Muhasabah Cinta
“Nggak cocok lagi? Astaghfirullah, Ka. Ayolah ….” Sakti meraup wajah frustrasi. Pria yang kini berusia 27 tahun itu hampir kehabisan ide untuk merayu sahabatnya yang telah lama menutup hati pada wanita.
“Lo melek, deh, Ka, sekali-kali. Biar lo itu bisa lihat cewek-cewek yang ngajuin CV sama lo itu ada puluhan, bahkan ratusan andai gue terima semua.”
Orang yang diajak bicara Sakti terus membisu. Dua mata hitamnya tetap fokus menatap layar monitor. Angkasa tak berminat sama sekali menanggapi kegilaaan sahabatnya yang selalu menghiasi hari-hari selama sembilan tahun terakhir sejak berpisah dari Myria.
“Ka, lo denger gue ngomong, nggak?” Tidak peduli laptop atau file yang sedang dikerjaan sahabatnya rusak, Sakti dengan sembarangan menutup. Awalnya dia sedikit panik andai saja Angkasa mengamuk, tetapi bibirnya melengkung saat menyadari sahabatnya itu sudah memperhatikan.
Angkasa bangkit dari kursi. Dia memutar badan dan melihat pemandangan luar. Langit telah gelap sejak beberapa jam lalu, tetapi dirinya masih betah di kantor dengan alasan lembur.
“Kenapa nggak lo aja yang taaruf sana?” Pria berjas hitam itu melirik sinis. Dia memutar badan dan berjalan mengarah ke kulkas mengambil sekaleng soda.
“Ya, elah, Ka. Lo juga tahu kalau gue nggak mungkin ninggalin lo. Gue khawatir lo depresi lagi.” Sakti berkilah. Namun, ada benarnya juga pria itu bicara demikian. Sembilan tahun lalu, di mana saat Angkasa harus mengalami badai kehidupan di keluarganya, pemuda itu hilang kewarasan. Obat dan terapi dari psikiater terus berjalan selama setahun penuh dan Sakti yang setia menemani dan menyemangati.

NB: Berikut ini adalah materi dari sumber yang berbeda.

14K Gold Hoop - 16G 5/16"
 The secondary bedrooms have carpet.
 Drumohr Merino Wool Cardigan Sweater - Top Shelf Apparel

“Gue nggak selemah itu.” Kaleng soda teremas oleh Angkasa. Pria itu ganti mengempaskan seluruh tubuh ke sofa. “Lagian gue juga belum tua-tua amat. Ngapain lo ribet!”
“Nggak-nggak. Nggak bisa dibiarin kalau lo terus cuek sama cewek gini, bisa-bisa orang ngira kita beneran belok.”

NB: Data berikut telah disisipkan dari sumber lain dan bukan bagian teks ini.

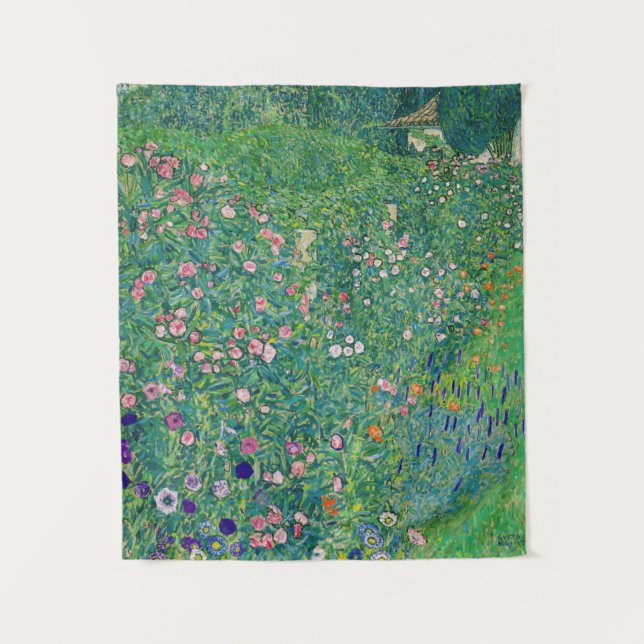 Gustav Klimt - Italian Garden Landscape Tapestry (Front)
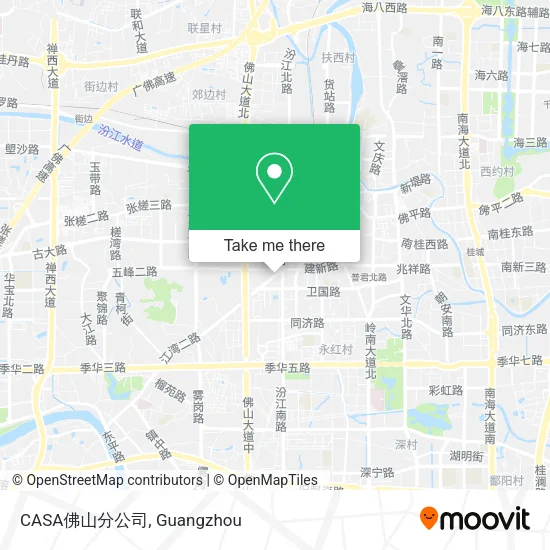 CASA佛山分公司 map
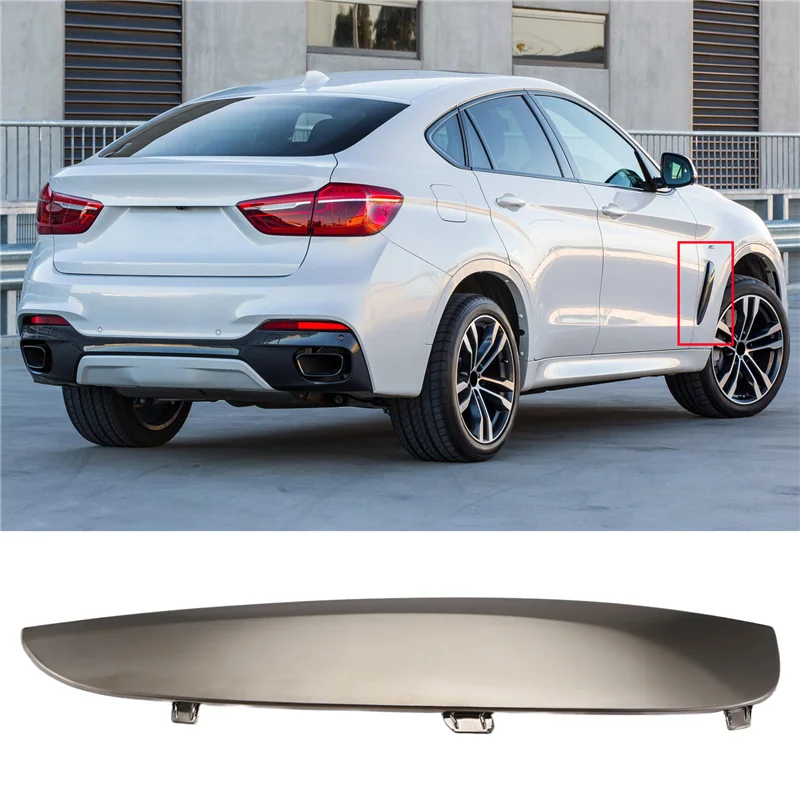 Car Air Duct Side Panel Trim For BMW X6 F16 2015-2019 35I 35Ix 5Ix 50Ix Front Fender Vent Decor Strip-Y79A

“Makanya lo jangan nempel mulu sama gue! Terima aja tawaran nyokap lo buat dijodohin.”
“Nggak. Gue belum akan nikah kalau lo juga belum. Gue mah gampang kalau nyari istri, nggak kayak lo. Spek-nya bikin gue mumet.”
Ocehan Sakti lagi-lagi hanya ditanggapi dengan lirikan sinis oleh Angkasa. Pria yang kini memimpin perusahaan hasil kerja kerasnya bersama sang sahabat itu lekas berdiri. Angkasa menyahut kunci motor di laci meja kerja, lalu meninggalkan ruang tanpa pamit.
“Mau ke mana lo?” Masih pura-pura tidak tahu, Sakti mengadang sahabatnya yang jelas-jelas menuju pintu.
“Lo mau nginep di sini? Serah!” Dengan satu tangan, Angkasa mendorong bahu Sakti. Pria itu melenggang keluar meninggalkan tempat.
Lorong-lorong mulai sepi dengan kondisi remang karena banyak lampu yang telah padam. Angkasa menarik ponsel dari saku jasnya ketika merasakan getaran dari benda tersebut.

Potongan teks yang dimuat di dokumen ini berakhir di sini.